§ **Records from a dataset**
━━━━━━━━━━

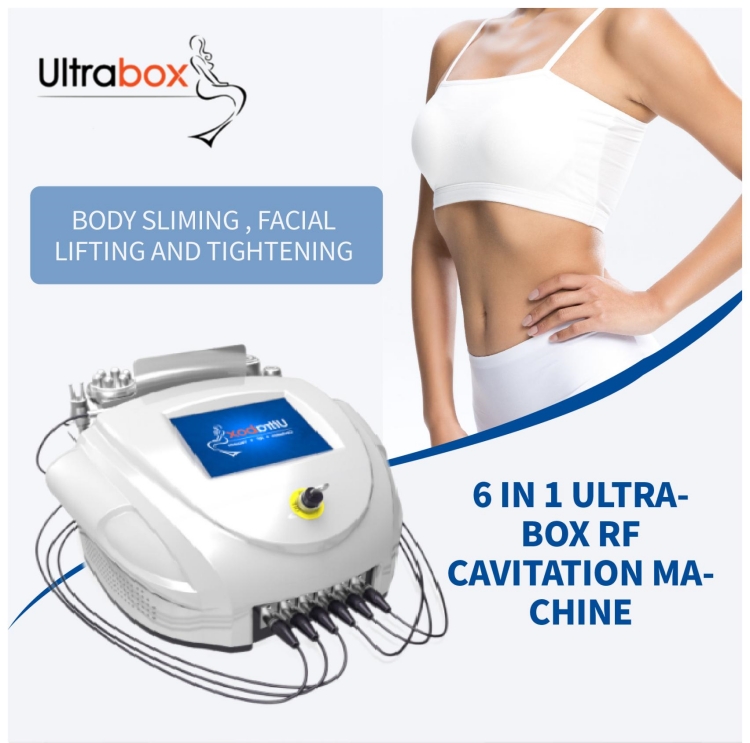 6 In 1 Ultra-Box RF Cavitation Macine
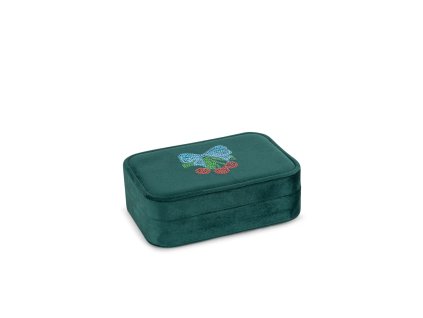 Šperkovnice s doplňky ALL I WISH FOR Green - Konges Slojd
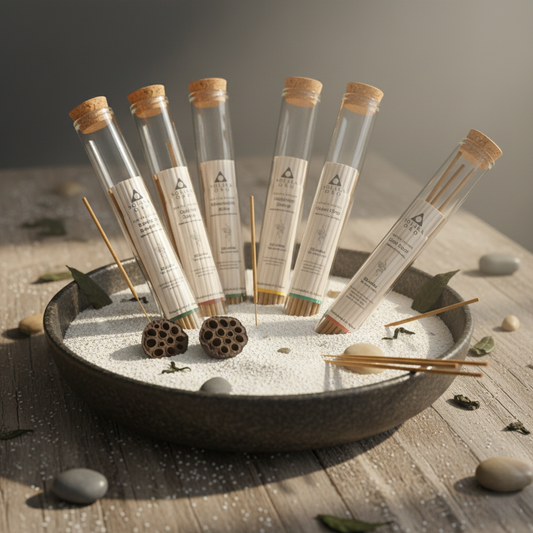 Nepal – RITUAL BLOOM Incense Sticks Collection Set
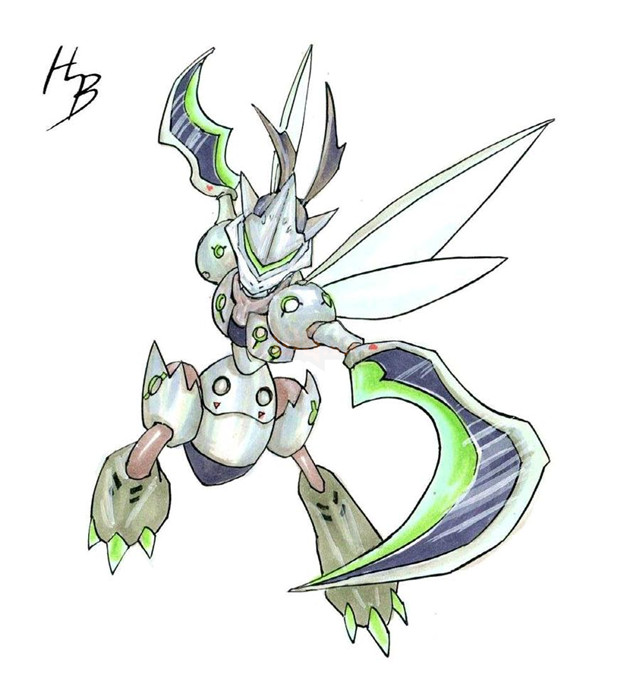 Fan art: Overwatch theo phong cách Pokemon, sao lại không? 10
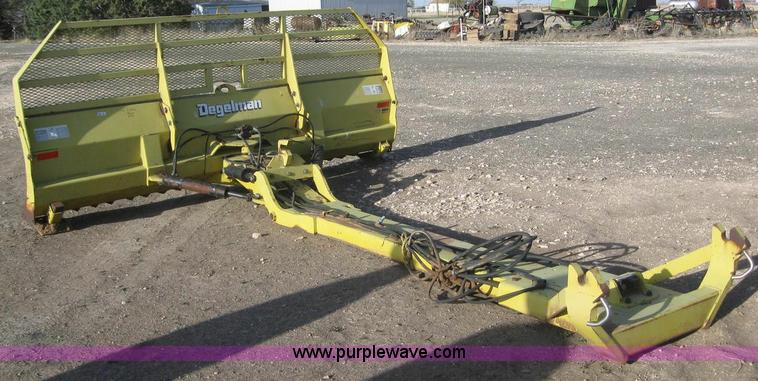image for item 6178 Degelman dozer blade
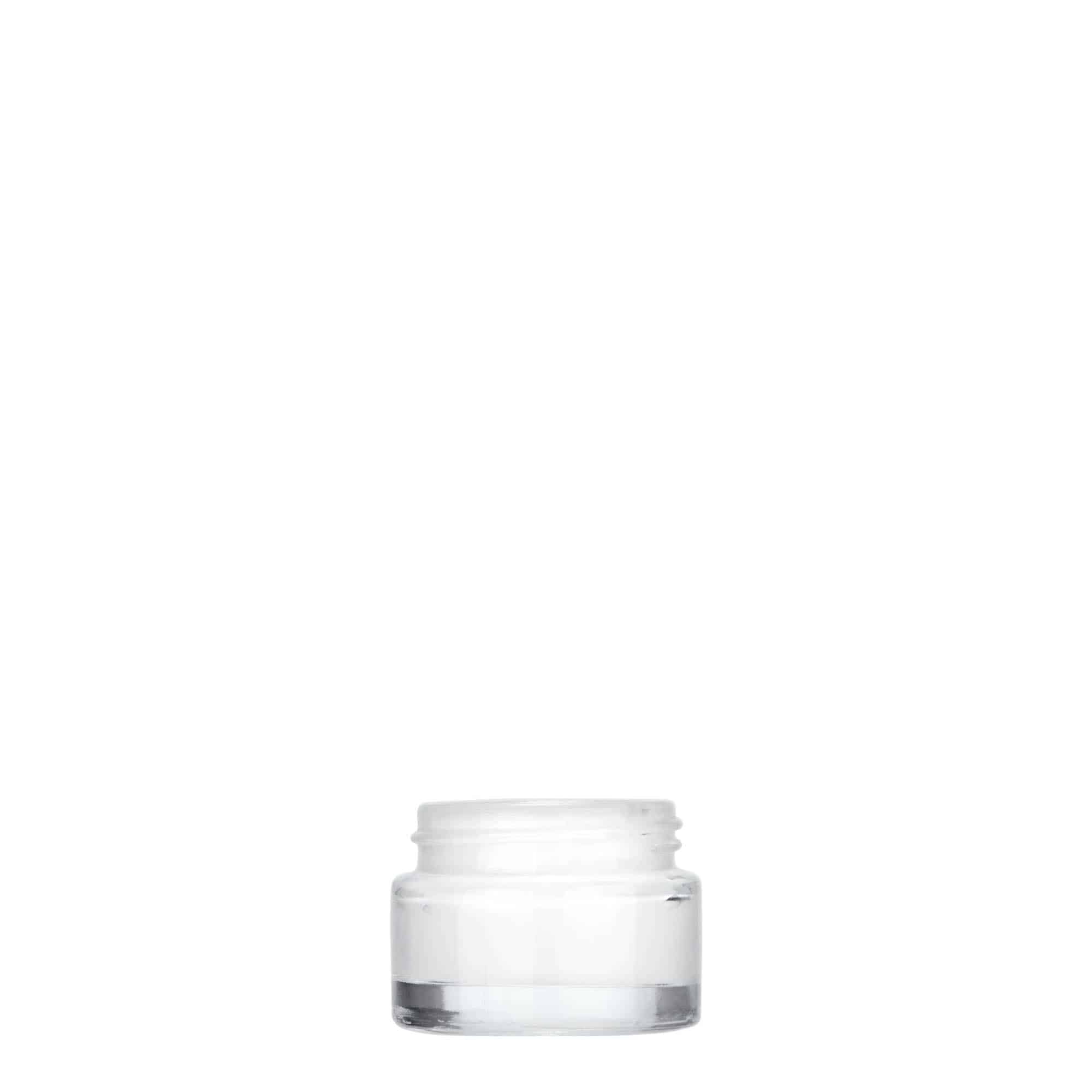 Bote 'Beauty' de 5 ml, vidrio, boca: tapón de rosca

━━━━━━━━━━

§ **What you are asked to do**
Output all the records above again exactly, with the pictures dropped.

§ **Written solution**
 6 In 1 Ultra-Box RF Cavitation Macine
 Šperkovnice s doplňky ALL I WISH FOR Green - Konges Slojd
 Nepal – RITUAL BLOOM Incense Sticks Collection Set
 Fan art: Overwatch theo phong cách Pokemon, sao lại không? 10
image for item 6178 Degelman dozer blade
 Bote 'Beauty' de 5 ml, vidrio, boca: tapón de rosca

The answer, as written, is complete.